A Comissão de Minas e Energia da Câmara dos Deputados aprovou proposta que repassa metade do valor da outorga de novas concessões do setor elétrico para o custeio da energia paga pelos consumidores. Pelo texto, 50% do valor da outorga (direito de explorar os serviços de energia elétrica) paga ao Tesouro Nacional por novas concessionárias de geração, transmissão e distribuição de energia elétrica serão repassados à Conta de Desenvolvimento Energético (CDE) – encargo responsável por custear subsídios do setor. Outros 10% da bonificação de outorga de geração de energia devem ser aplicados na bacia hidrográfica onde estiver a hidrelétrica licitada.

Agência Câmara de Notícias 

Fundos soberanos também investem em infraestrutura no país

Além de investimentos feitos por estatais estrangeiras, o mercado de infraestrutura nacional tem recebido recursos de fundos soberanos, criados e administrados por governos para investir em projetos de longo prazo e com patrimônio superior a US$ 5 trilhões. O destaque são fundos de países da Ásia e do Oriente Médio, que ampliaram seus recursos com a alta das commodities. “O Brasil tem recebido investimentos de empresas estrangeiras, de estatais estrangeiras, de fundos de investimento e de fundos soberanos, e essa é uma tendência que deve continuar. Isso traz capital, novas linhas de financiamento e crédito”, afirma Marina Anselmo, sócia da área de mercado de capitais do Mattos Filho Advogados.

Valor Econômico 

Estatais estrangeiras gastam R$ 120 bi no setor de infraestrutura do Brasil, e movimento vai crescer

O desenho do setor de infraestrutura no Brasil tem ganhado novo contorno, com a maior presença de estatais estrangeiras em concessões, parcerias público-privadas (PPPs) e obras. Em cinco anos, mais de R$ 120 bilhões foram gastos por companhias internacionais em aquisições, fusões ou pagamento de outorgas. Esse movimento vai crescer. Boa parte dos investimentos é liderada por estatais chinesas, mas elas estão longe de ser as únicas nesse processo. Companhias cujos acionistas relevantes são os governos da Espanha, França, Itália, Alemanha e Colômbia reforçam seu posicionamento no mercado brasileiro de infraestrutura, o maior da América Latina.

Valor Econômico

Nova geração é meta de 30% das teles no mundo para 2019

Trinta por cento das operadoras ao redor do mundo pretendem iniciar ainda este ano a instalação de redes comerciais 5G. É isso que indica um levantamento da empresa americana de segurança cibernética e equipamentos de rede A10 Networks. A previsão toma por base entrevistas com executivos de 145 empresas de cinco continentes.

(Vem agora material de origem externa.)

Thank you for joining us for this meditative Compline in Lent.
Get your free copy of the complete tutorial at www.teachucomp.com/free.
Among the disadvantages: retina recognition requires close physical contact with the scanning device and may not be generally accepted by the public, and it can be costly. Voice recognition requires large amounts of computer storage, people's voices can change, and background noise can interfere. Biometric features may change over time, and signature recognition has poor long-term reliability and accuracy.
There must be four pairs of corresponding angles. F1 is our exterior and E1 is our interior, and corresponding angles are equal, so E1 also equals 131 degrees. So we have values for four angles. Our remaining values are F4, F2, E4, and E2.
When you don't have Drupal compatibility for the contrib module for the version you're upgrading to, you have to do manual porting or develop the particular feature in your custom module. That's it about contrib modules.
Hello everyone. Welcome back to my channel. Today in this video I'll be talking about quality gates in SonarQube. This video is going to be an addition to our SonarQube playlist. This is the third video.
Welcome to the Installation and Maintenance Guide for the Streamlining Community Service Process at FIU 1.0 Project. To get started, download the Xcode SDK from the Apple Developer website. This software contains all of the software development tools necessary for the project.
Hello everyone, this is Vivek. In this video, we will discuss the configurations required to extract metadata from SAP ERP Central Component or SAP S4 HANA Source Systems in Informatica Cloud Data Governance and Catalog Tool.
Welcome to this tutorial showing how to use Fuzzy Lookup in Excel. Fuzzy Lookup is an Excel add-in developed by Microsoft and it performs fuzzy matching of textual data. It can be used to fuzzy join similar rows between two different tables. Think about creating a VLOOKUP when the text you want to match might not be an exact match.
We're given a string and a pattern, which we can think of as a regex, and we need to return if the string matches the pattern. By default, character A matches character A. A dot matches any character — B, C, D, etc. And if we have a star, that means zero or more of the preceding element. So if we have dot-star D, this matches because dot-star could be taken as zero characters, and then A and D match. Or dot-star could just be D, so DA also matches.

No médio prazo, considerando um horizonte de tempo de até 18 meses, 67% dos entrevistados confirmaram a intenção iniciar a implantação da nova geração de redes.

Valor Econômico 

Anatel define plano de expansão das redes

O conselho diretor da Agência Nacional de Telecomunicações (Anatel) aprovou ontem o plano que define os projetos prioritários para expansão e aumento da capacidade das redes fixas e móveis no país. O Plano Estrutural de Redes de Telecomunicações (Pert) indica as localidades com maior déficit de infraestrutura e as possíveis fontes de financiamento dos projetos. Isso porque a maior parte dessas áreas não tem atratividade econômica para as grandes prestadoras de serviços.